## REQUIREMENT
Below are some records. Write out the lines from the one containing "Hey guys and" to the last line, word for word, leaving out pictures.
(RAW DATA)
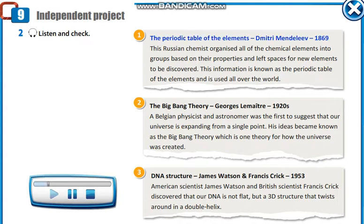1. The Periodic Table of the Elements, Dmitry Mendeleev, 1869. This Russian chemist organized all of the chemical elements into groups based on their properties and left spaces for new elements to be discovered. This information is known as the Periodic Table of the Elements and is used all over the world.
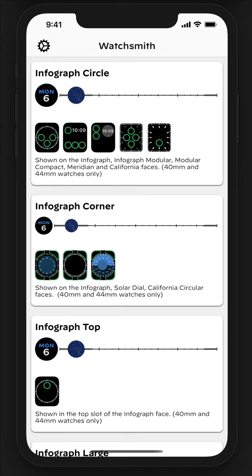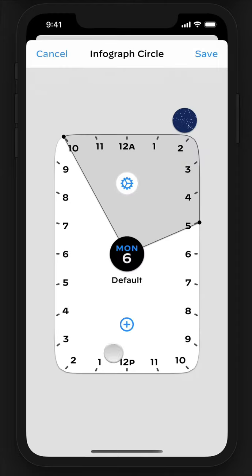WatchSmith is an app that lets you customize the display of your complications in a way never before possible. For each of the complication types, you can choose and configure a wide variety of complications to appear dynamically on a schedule that you define for a given day.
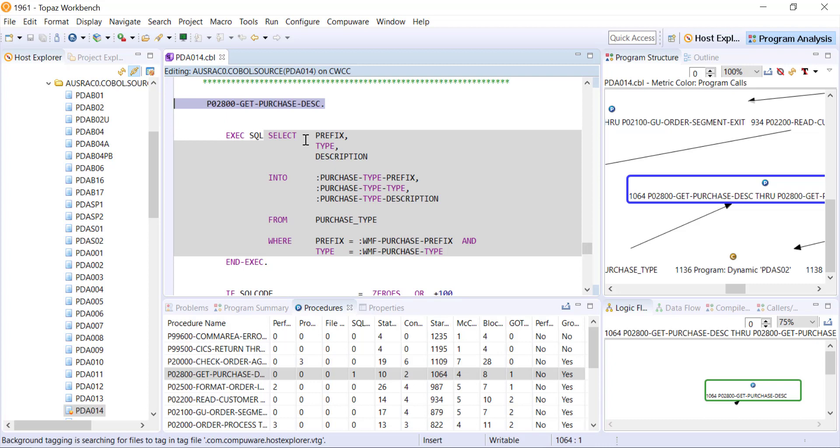So having everything analyzed and linked together, being able to show us visually what's going on at the program structure level down to the paragraph level, being able to track those data elements and everywhere that they're moving in or out of before we make any changes - so that's the program analysis. Thank you.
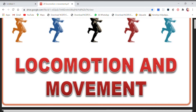Hello, welcome back to my channel Awesome Learning. With the new lesson we are going to start today with locomotion and movement. So let's begin with the chapter, as the two words in the name of the chapter.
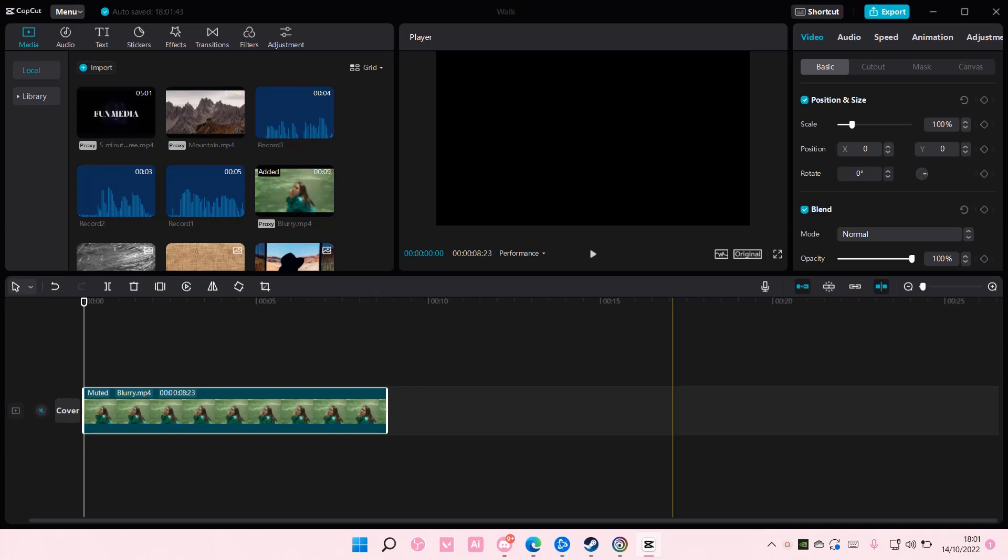Hey guys and welcome back to this channel. In this video, I'll be showing you guys how you can change the color of the flame frame on CapCut PC.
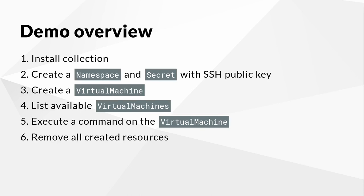The following items will be covered in the demo. First, we will install the collection from Ansible Galaxy. Second, we will create a namespace and a secret with an SSH public key. Third, we will create a virtual machine. Fourth, we will list the available virtual machines on the cluster. Fifth, we will execute a command on the virtual machine. Sixth, and last, we will remove all created resources again. So let's get started.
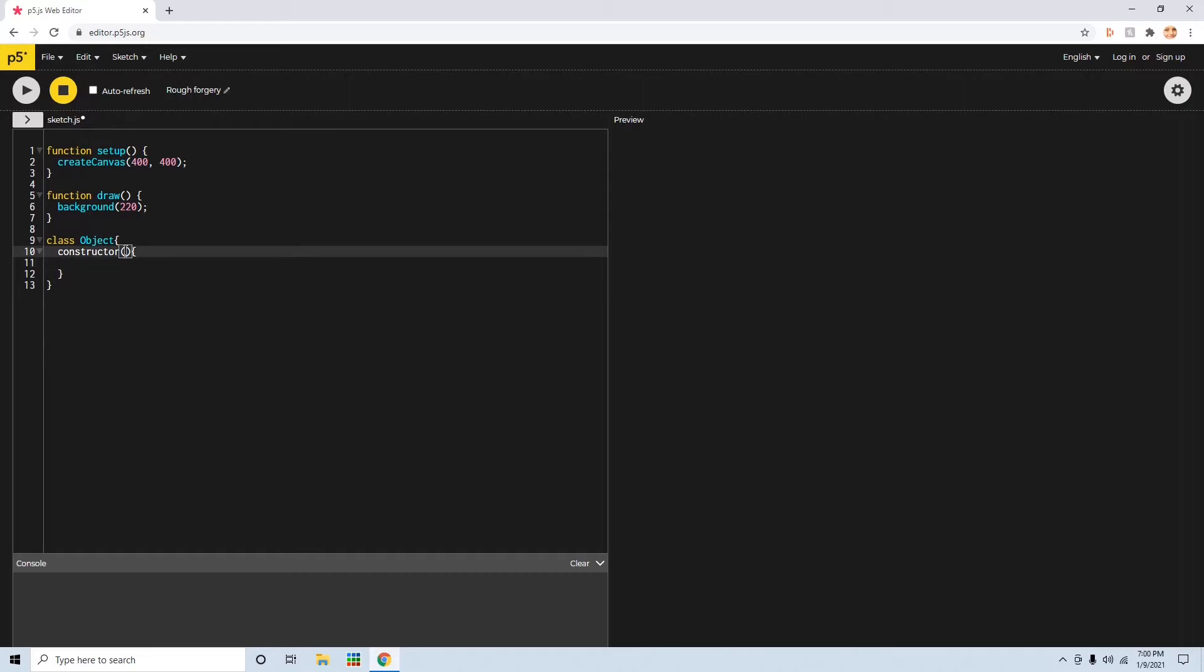And any value, any data that you want your object to have, type it in here, like xPosition, yPosition.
(End RAW DATA)
## RESPONSE FOR THIS EXERCISE
Hey guys and welcome back to this channel. In this video, I'll be showing you guys how you can change the color of the flame frame on CapCut PC.
The following items will be covered in the demo. First, we will install the collection from Ansible Galaxy. Second, we will create a namespace and a secret with an SSH public key. Third, we will create a virtual machine. Fourth, we will list the available virtual machines on the cluster. Fifth, we will execute a command on the virtual machine. Sixth, and last, we will remove all created resources again. So let's get started.
And any value, any data that you want your object to have, type it in here, like xPosition, yPosition.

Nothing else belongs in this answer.